** Opening Dataset records block **
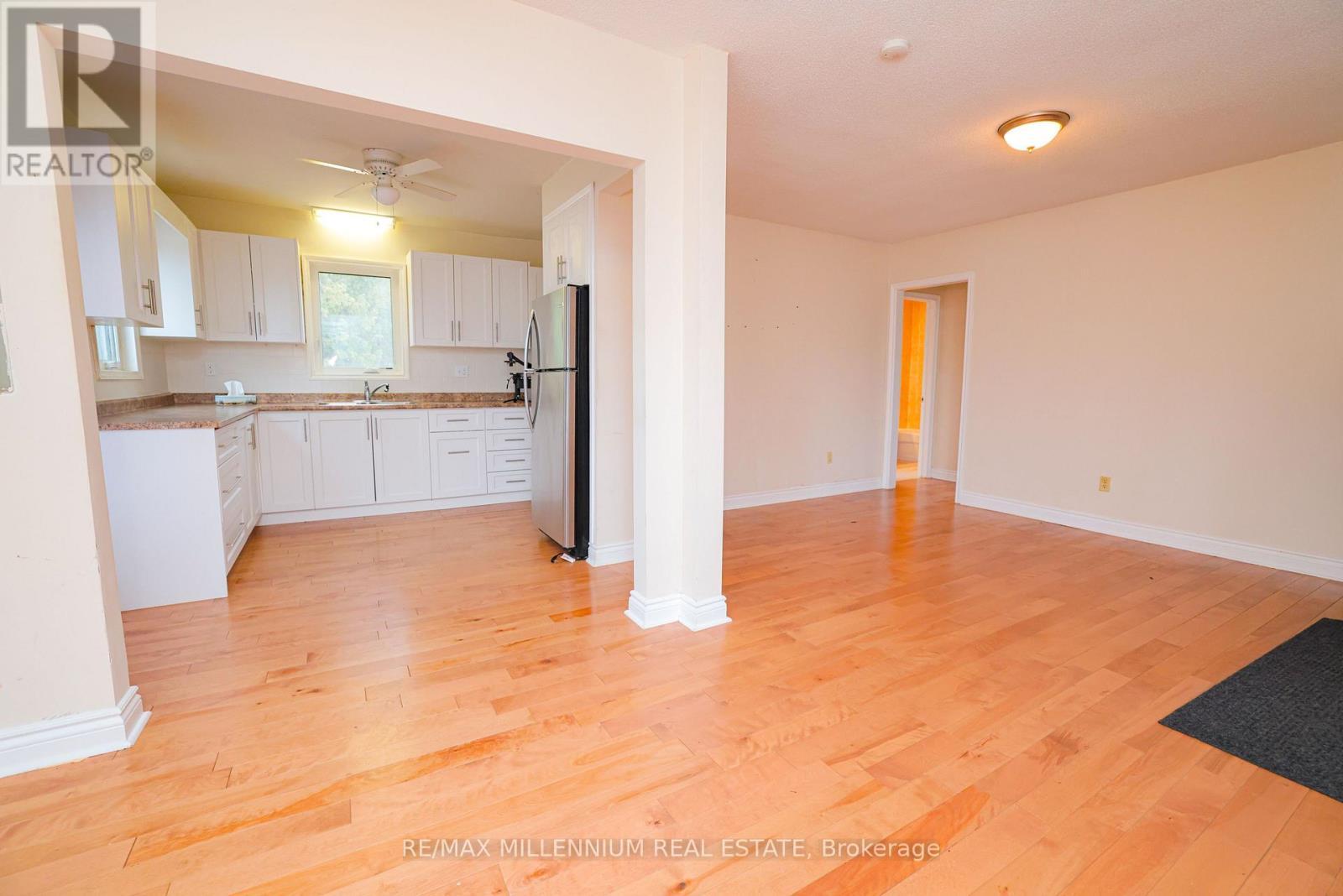 2424 Olde Base Line Road, Caledon, ON - Indoor Photo Showing Kitchen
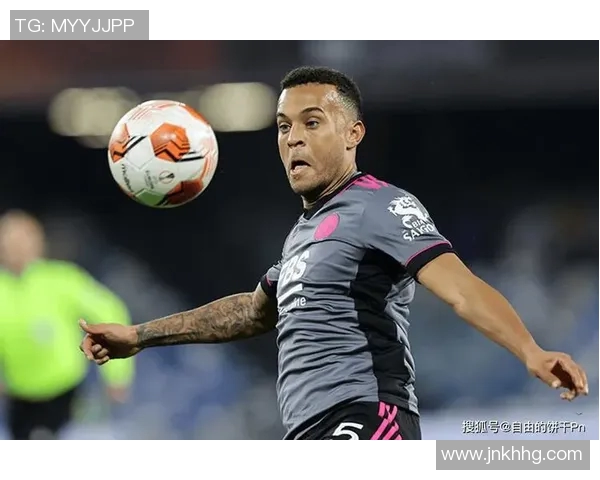 足球场上的55号球星：从默默无闻到耀眼明星的成长之路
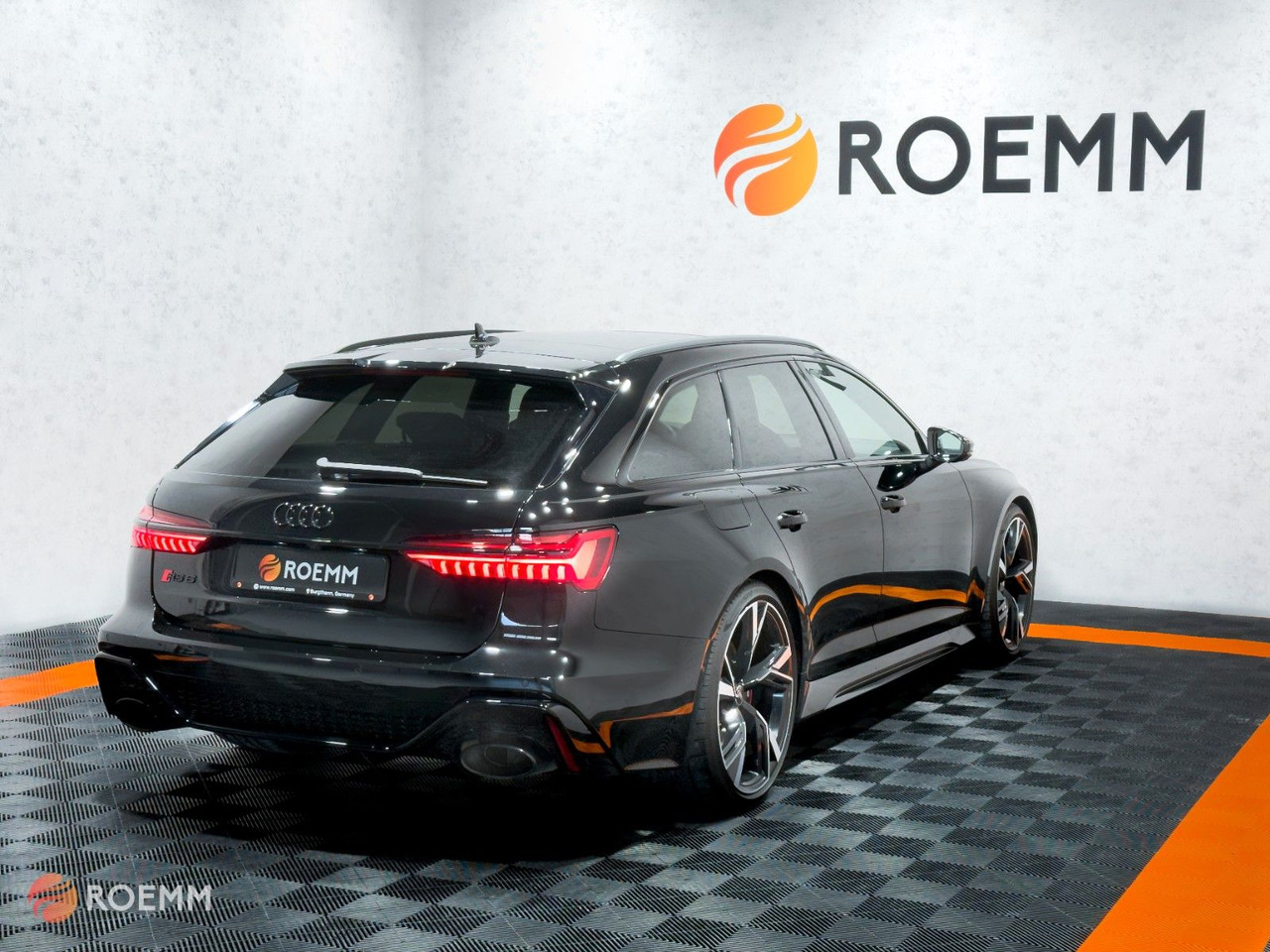 Audi RS6 Avant 4.0 TFSI quattro*Dynamik*360°*PANO*LED - Universalas: foto 4 Audi RS6 Avant 4.0 TFSI quattro*Dynamik*360°*PANO*LED - Universalas: foto 4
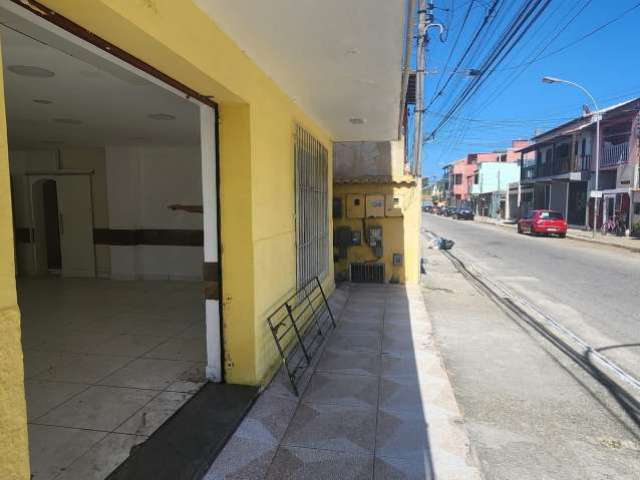 Loja para locação de esquina com sala ampla e 1 banheiro, Gamboa, Cabo Frio, RJ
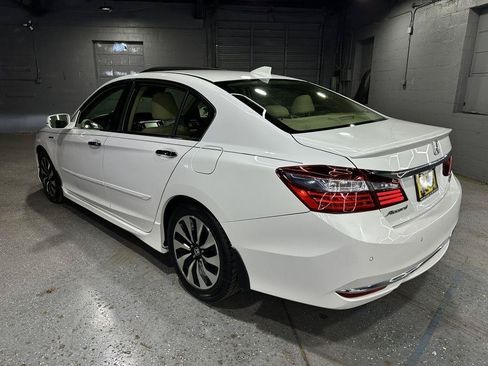 Used 2017 Honda Accord Touring image 3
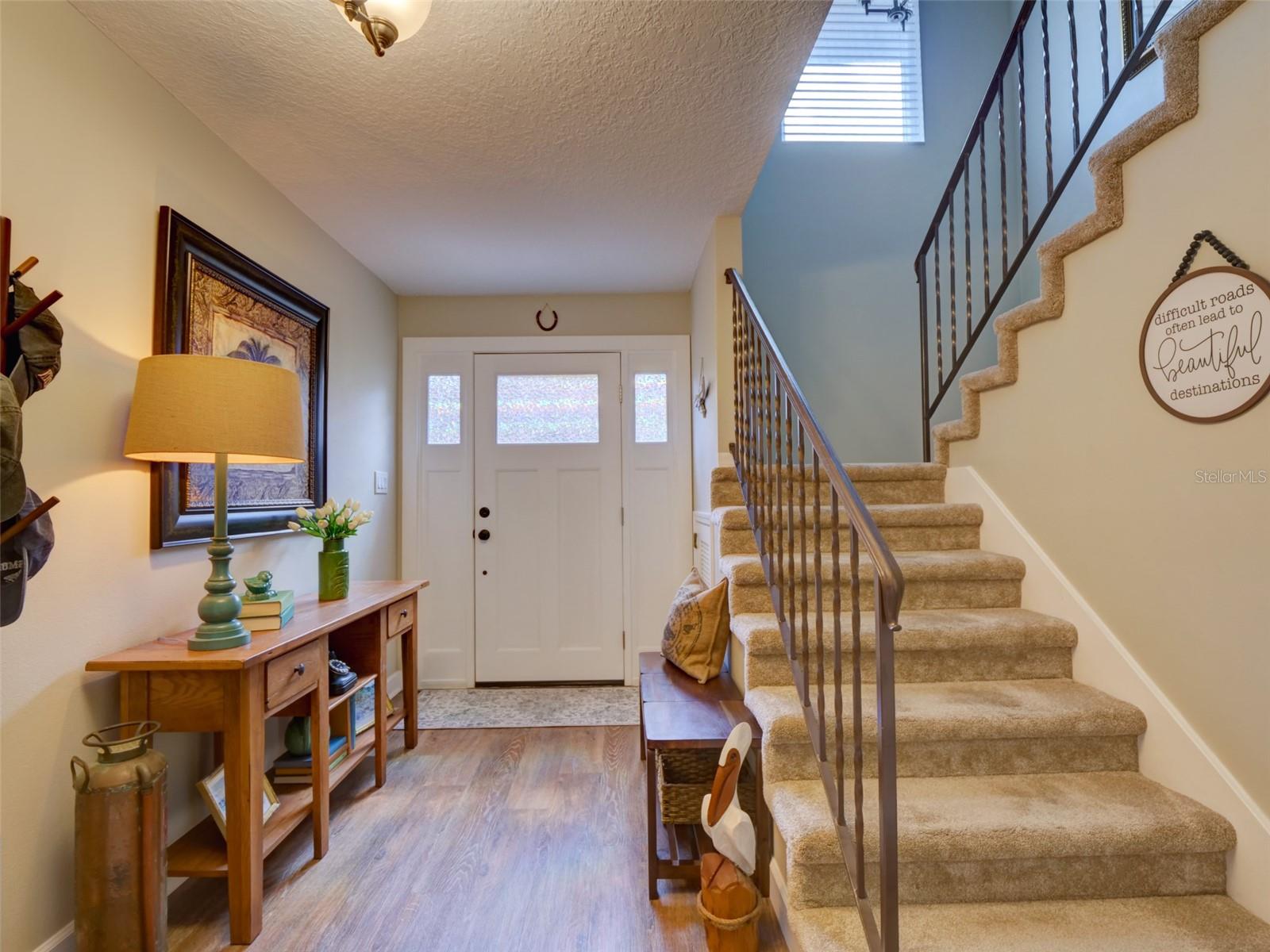 100 S TREMAIN ST #G2, MOUNT DORA, FL, 32757
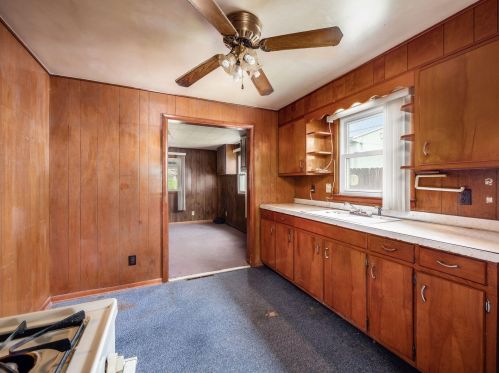319 Whitehouse St, Crooksville OH  43731-1342 exterior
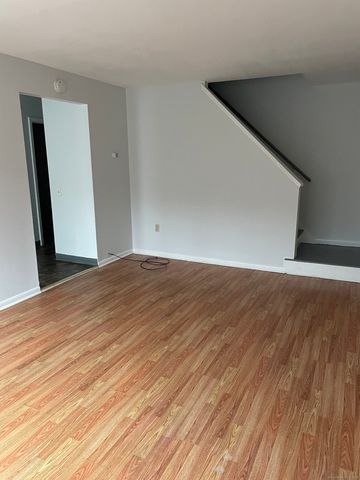 88 Wakelee Road APT 22, Waterbury, CT 06705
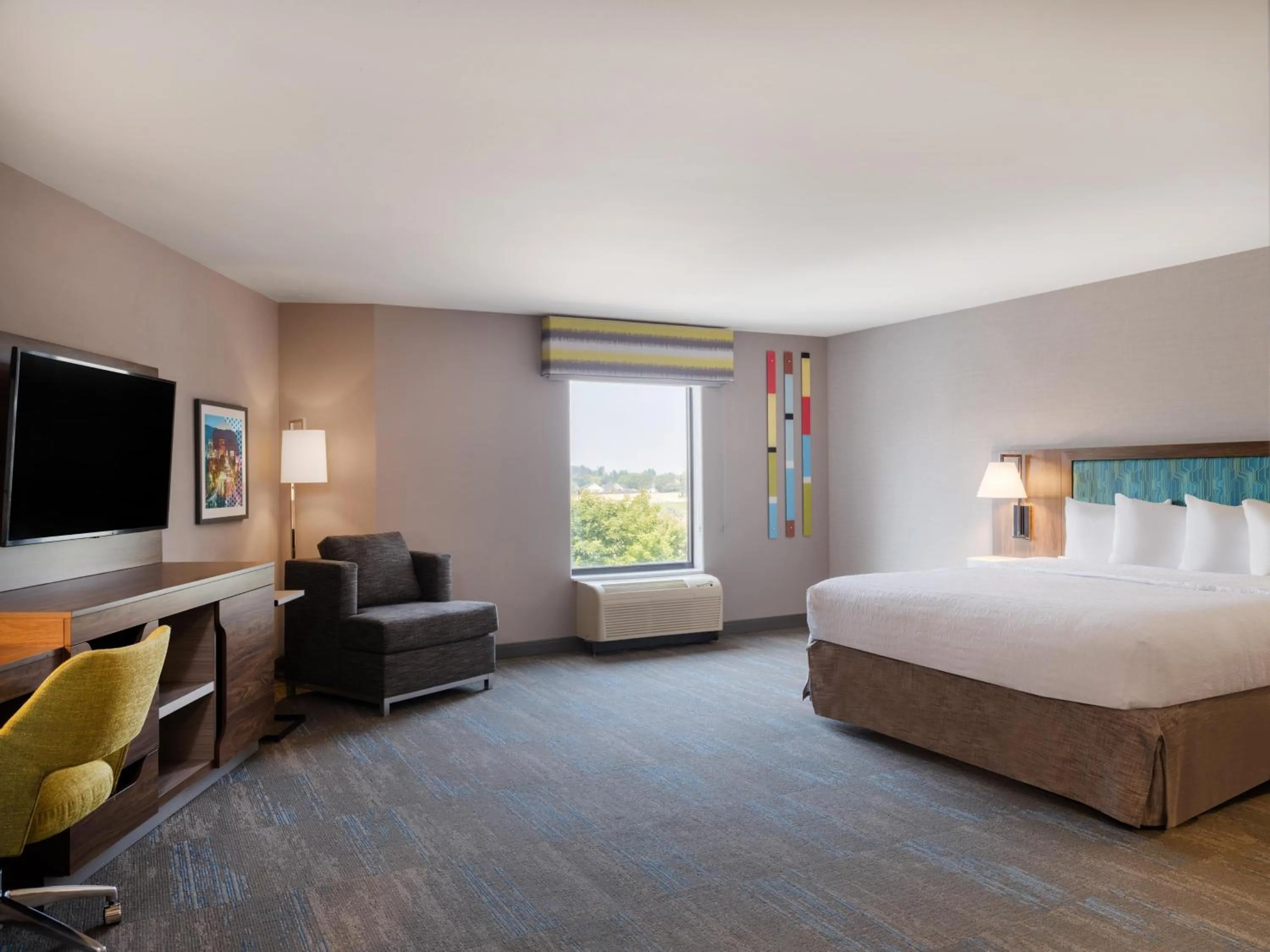 Bed in Hampton Inn & Suites Boise-Meridian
** Closing Dataset records block **
Work request — Only the lines from the one holding "足球场上的55号球星：从默默无闻到耀眼明星的成长之路" to the last line of the entries above should be printed, exactly as they appear and with no pictures.

Exercise answer —
 足球场上的55号球星：从默默无闻到耀眼明星的成长之路
 Audi RS6 Avant 4.0 TFSI quattro*Dynamik*360°*PANO*LED - Universalas: foto 4 Audi RS6 Avant 4.0 TFSI quattro*Dynamik*360°*PANO*LED - Universalas: foto 4
 Loja para locação de esquina com sala ampla e 1 banheiro, Gamboa, Cabo Frio, RJ
 Used 2017 Honda Accord Touring image 3
 100 S TREMAIN ST #G2, MOUNT DORA, FL, 32757
319 Whitehouse St, Crooksville OH  43731-1342 exterior
 88 Wakelee Road APT 22, Waterbury, CT 06705
 Bed in Hampton Inn & Suites Boise-Meridian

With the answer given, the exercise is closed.